## Work to be completed
In the data that follows, find the line with "Apartament 3 camere Iași - poza 7"; transcribe it, every later line up to the one with "PanzerGlass Screen Protector Pixel 9a", and that line as well, exactly and with no others.

*** Provided entries Section Begins ***

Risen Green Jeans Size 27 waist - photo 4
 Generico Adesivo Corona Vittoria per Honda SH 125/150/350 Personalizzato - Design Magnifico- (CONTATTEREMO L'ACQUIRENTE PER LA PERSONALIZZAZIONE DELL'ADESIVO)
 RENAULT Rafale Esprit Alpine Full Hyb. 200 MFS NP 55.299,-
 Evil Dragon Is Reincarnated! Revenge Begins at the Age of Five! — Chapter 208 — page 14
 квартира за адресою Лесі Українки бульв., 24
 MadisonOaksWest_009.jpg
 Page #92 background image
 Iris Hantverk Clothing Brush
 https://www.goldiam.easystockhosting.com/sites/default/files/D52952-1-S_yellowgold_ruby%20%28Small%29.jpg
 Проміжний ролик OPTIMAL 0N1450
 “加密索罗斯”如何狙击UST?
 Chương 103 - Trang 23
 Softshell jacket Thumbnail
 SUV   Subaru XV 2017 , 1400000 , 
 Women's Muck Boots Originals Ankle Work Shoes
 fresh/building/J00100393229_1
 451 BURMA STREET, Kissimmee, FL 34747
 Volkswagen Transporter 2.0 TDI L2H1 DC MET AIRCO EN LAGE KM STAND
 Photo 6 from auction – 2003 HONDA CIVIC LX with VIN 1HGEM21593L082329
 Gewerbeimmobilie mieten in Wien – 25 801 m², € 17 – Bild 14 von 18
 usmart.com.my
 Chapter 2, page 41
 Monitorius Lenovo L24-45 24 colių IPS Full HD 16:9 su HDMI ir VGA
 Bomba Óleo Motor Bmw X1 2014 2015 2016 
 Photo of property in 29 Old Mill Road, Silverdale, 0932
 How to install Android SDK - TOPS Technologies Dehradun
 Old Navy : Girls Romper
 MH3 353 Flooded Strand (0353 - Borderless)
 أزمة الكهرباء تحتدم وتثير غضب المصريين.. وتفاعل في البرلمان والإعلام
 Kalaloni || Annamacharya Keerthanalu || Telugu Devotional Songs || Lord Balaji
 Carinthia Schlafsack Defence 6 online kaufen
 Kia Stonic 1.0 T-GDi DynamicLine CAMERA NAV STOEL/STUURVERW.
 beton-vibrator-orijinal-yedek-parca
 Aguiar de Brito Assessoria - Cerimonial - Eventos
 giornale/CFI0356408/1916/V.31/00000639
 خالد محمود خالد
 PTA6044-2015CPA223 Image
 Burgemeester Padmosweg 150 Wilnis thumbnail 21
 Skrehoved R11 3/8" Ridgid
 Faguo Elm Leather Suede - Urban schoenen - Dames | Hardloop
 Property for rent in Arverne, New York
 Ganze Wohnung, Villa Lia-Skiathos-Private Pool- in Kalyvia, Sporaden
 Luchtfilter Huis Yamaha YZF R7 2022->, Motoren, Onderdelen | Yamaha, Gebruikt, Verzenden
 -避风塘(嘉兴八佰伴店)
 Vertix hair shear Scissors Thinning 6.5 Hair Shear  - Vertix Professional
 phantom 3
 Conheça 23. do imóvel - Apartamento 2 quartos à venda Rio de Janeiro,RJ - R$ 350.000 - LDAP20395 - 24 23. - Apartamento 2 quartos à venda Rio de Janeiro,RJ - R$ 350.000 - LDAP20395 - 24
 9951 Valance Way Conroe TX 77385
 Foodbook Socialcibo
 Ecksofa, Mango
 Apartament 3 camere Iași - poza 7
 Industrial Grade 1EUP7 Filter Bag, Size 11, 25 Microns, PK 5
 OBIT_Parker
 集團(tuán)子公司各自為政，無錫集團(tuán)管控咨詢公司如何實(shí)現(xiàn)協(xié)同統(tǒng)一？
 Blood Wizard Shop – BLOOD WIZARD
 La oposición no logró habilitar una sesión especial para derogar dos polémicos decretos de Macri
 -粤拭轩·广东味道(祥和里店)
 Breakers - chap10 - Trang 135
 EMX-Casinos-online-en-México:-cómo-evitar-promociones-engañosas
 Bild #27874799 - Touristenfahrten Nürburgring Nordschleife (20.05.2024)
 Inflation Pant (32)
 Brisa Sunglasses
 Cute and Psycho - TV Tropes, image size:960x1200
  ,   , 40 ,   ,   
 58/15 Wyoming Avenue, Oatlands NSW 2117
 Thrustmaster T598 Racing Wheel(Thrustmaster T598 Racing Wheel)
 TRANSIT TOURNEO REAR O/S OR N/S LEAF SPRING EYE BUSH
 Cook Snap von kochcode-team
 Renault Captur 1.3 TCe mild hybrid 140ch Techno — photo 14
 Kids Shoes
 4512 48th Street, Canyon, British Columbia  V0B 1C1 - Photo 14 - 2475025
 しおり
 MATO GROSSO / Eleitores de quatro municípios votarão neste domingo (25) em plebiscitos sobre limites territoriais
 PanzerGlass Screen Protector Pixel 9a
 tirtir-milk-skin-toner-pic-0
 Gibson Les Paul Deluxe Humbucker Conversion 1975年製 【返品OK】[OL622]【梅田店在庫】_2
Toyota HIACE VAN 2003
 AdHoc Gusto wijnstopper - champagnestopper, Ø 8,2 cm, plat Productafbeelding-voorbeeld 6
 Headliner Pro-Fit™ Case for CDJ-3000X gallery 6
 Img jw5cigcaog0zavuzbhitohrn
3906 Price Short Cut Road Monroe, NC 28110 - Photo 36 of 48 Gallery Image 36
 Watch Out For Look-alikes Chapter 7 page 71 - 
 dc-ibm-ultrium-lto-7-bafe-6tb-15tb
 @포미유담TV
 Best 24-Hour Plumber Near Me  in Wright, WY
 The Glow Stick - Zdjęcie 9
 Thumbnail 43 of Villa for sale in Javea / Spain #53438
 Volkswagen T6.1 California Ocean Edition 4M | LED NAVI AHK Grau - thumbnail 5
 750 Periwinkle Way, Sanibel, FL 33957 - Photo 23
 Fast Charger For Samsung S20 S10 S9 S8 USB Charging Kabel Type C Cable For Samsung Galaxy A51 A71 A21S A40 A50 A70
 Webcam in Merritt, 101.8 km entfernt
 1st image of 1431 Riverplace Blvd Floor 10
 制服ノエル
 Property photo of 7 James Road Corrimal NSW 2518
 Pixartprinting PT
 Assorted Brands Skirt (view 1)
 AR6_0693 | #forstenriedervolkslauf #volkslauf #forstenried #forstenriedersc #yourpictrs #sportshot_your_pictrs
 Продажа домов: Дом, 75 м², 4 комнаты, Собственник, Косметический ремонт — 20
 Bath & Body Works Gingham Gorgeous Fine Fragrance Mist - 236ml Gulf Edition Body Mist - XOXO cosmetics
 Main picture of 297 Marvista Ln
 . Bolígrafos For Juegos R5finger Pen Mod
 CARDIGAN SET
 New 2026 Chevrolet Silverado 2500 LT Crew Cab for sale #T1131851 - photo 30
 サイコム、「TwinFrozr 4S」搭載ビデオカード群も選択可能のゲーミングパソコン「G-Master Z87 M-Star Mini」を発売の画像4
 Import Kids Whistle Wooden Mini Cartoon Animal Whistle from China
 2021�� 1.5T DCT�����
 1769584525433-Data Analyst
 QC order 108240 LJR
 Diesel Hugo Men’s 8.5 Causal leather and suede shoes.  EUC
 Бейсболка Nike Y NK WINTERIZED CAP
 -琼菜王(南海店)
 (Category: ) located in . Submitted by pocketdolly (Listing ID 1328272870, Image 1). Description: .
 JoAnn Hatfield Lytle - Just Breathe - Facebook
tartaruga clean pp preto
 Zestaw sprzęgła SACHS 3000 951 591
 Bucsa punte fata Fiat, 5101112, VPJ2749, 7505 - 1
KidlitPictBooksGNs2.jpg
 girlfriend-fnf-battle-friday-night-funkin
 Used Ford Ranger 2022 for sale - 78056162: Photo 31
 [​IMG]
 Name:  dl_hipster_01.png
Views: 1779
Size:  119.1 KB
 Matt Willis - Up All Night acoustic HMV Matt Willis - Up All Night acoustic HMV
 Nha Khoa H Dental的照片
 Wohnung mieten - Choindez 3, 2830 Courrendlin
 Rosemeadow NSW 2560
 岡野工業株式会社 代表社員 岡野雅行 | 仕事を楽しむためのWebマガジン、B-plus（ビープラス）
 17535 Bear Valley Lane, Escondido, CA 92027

*** Provided entries Section Ends ***

## Answer box
 Apartament 3 camere Iași - poza 7
 Industrial Grade 1EUP7 Filter Bag, Size 11, 25 Microns, PK 5
 OBIT_Parker
 集團(tuán)子公司各自為政，無錫集團(tuán)管控咨詢公司如何實(shí)現(xiàn)協(xié)同統(tǒng)一？
 Blood Wizard Shop – BLOOD WIZARD
 La oposición no logró habilitar una sesión especial para derogar dos polémicos decretos de Macri
 -粤拭轩·广东味道(祥和里店)
 Breakers - chap10 - Trang 135
 EMX-Casinos-online-en-México:-cómo-evitar-promociones-engañosas
 Bild #27874799 - Touristenfahrten Nürburgring Nordschleife (20.05.2024)
 Inflation Pant (32)
 Brisa Sunglasses
 Cute and Psycho - TV Tropes, image size:960x1200
  ,   , 40 ,   ,   
 58/15 Wyoming Avenue, Oatlands NSW 2117
 Thrustmaster T598 Racing Wheel(Thrustmaster T598 Racing Wheel)
 TRANSIT TOURNEO REAR O/S OR N/S LEAF SPRING EYE BUSH
 Cook Snap von kochcode-team
 Renault Captur 1.3 TCe mild hybrid 140ch Techno — photo 14
 Kids Shoes
 4512 48th Street, Canyon, British Columbia  V0B 1C1 - Photo 14 - 2475025
 しおり
 MATO GROSSO / Eleitores de quatro municípios votarão neste domingo (25) em plebiscitos sobre limites territoriais
 PanzerGlass Screen Protector Pixel 9a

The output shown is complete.